-- TASK INSTRUCTIONS --
Omit every picture. Return all other data as it stands.

-- AVAILABLE DATA --
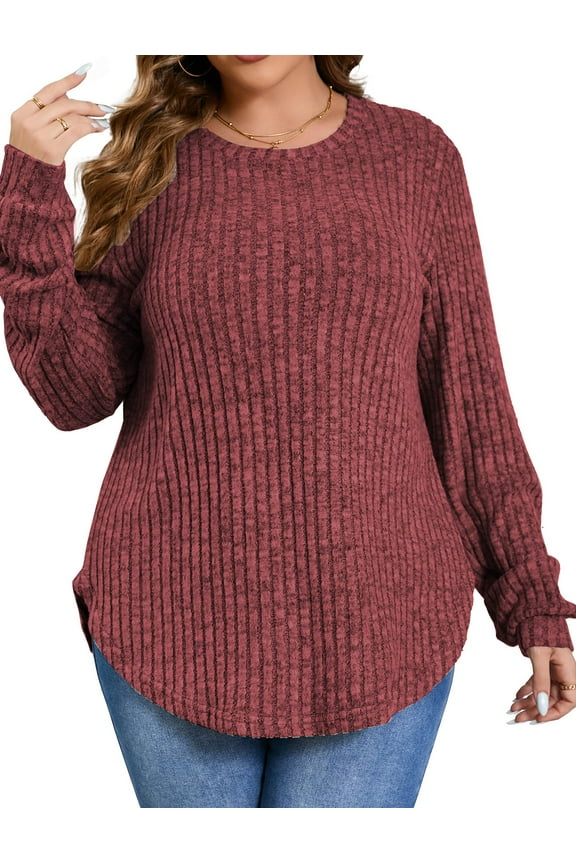 Womens Plus Size Tops Crewneck Long Sleeve Shirts Loose Tunic Tops Curved Hem Fall Pullover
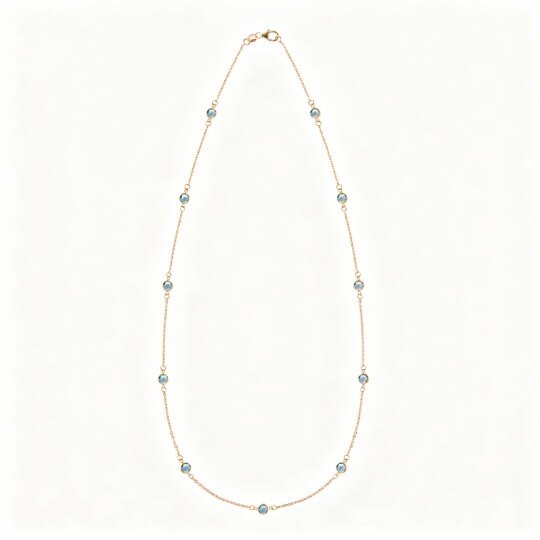 10K Rose Gold Cubic Zirconia Personalized Birthstone Cable Chain Necklace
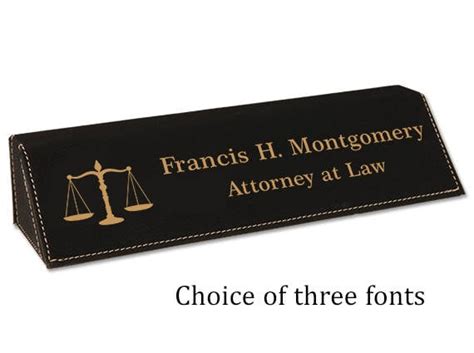 Lawyer Attorney Personalized Desk Name Plate Black Leatherette Etsy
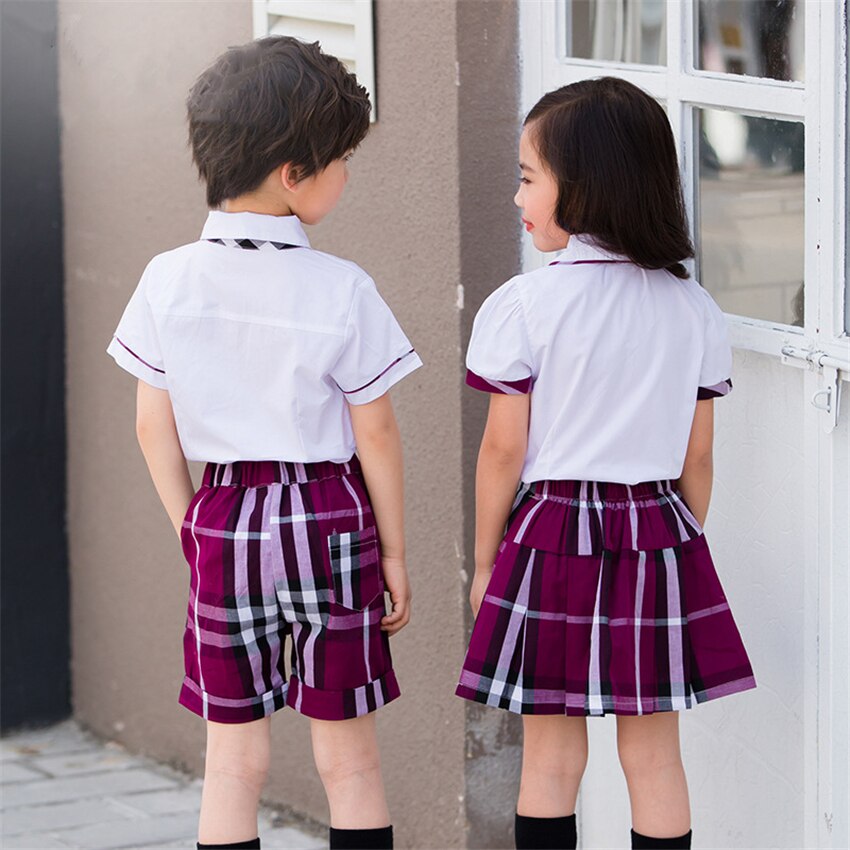 Summer Teenagers School Uniforms Girls Plaid Skirt Performance Costumes Japanese Style Clothing Suit 2pcs Class Set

-- SOLUTION --
 Womens Plus Size Tops Crewneck Long Sleeve Shirts Loose Tunic Tops Curved Hem Fall Pullover
 10K Rose Gold Cubic Zirconia Personalized Birthstone Cable Chain Necklace
 Lawyer Attorney Personalized Desk Name Plate Black Leatherette Etsy
 Summer Teenagers School Uniforms Girls Plaid Skirt Performance Costumes Japanese Style Clothing Suit 2pcs Class Set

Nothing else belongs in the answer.